MONROVIA – For about eight months a group of lawmakers of the House of Representatives in the 55th Legislature decided to stand against what was then called a ‘Capitol Plot’ to unseat Cllr. J. Fonati Koffa as Speaker of that august body.
For those lawmakers, the decision to politically remove the former Speaker from office did not meet the criteria set aside by the 1986 Liberia Constitution and the House’s own Standing Rules. In defiance to their colleagues’ action, these group of lawmakers, including Reps. Dixon Seboe, Abu Kamara, Papie Flomo, Marvin Cole, Saah Foko, Yekeh Kolubah, among many others decided to legally resist the removal of former Speaker Koffa.

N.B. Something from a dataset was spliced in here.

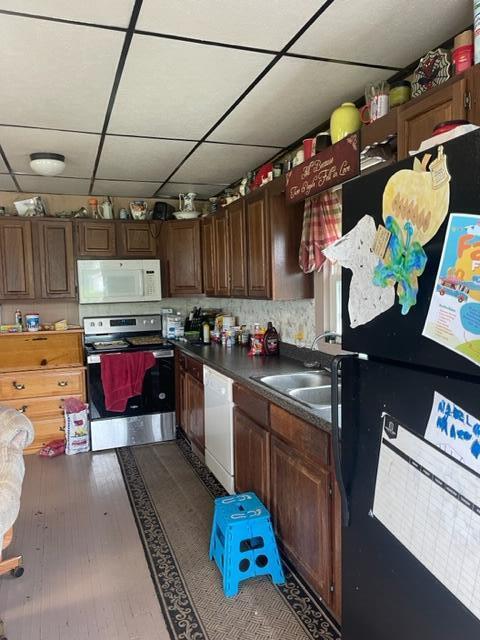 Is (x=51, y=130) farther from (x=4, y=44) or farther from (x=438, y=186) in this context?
(x=438, y=186)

They stood the test of time and supported former Speaker Koffa’s fight to respect the rule of law in removing him from office. Some of these Koffa’s loyalists even got suspended and their salaries, benefits and other incentives withheld for many months.

The ‘Rule of Law Caucus’ stood its ground against the reported Executive’s clear attempts to destabilize the country’s democracy and compromise the independence of the Legislature. Speaker Koffa and a coalition of patriotic lawmakers, unwavering in belief and fortified by conscience, charted a course history will never forget.

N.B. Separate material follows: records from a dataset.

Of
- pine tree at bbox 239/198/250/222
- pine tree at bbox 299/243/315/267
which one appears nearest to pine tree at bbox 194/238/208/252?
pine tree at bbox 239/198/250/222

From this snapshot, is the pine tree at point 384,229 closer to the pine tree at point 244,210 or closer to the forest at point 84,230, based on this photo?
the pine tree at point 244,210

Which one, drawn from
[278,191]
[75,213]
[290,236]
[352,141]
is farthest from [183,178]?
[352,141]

According Rep. Musa Hassan Bility, the ‘chairman’ of the Rule of Law Caucus’, former Speaker Koffa has altered the trajectory of governance in Liberia. “You have redrawn the lines between the Executive and the Legislature and anchored them in the constitution. You have written your name in the pages of Liberian history—not just as a speaker, but as a patriot whose gallantry upheld the law when silence would have been easier.”
In all of this, the sustained fight for rule of law to prevail in the Legislative saga came to an end when former Speaker Cllr. J. Fonati Koffa tendered his resignation on Monday, May 12, 2025 at 12 noon amid mixed reaction from the public and Koffa’s loyalists’ lawmakers.

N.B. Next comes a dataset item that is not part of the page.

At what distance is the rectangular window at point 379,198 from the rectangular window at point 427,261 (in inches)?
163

As the former Speaker spoke to the media to inform Liberia about why he had taken the decision, the facial expressions and body postures of the former speaker’s loyal lawmakers portrayed dejection, frustration, gloom and shock. Their facial expression signaled a message that their fight to uphold the rule of law in keeping with democratic tenets had to end due to political undertones reportedly masterminded by the Executive.
In their minds, were they thinking as Koffa spoke to the media about his decision to resign, that their almost eight months of legal resistance to protect the rule of law failed, or were they thinking that their action has placed them in the history of Liberia for respecting rule of law, protecting the Constitution and being patriotic? Were these Koffa loyalists’ lawmaker regretting supporting Koffa for all those months at the detriment of their own jobs? These questions were presumably answered by each of Koffa’s loyal colleagues in their minds as the former Speaker spoke to the media regarding his resignation. Were they thinking about Yekeh Kolubah vs the 54th Legislature scenario? Some bodies’ postures show bewilderment and confusion as if their “Messiah” were leaving them in the cold. All in all, political pundits will argue that they fought a good fight as far as the Liberian constitution is concerned.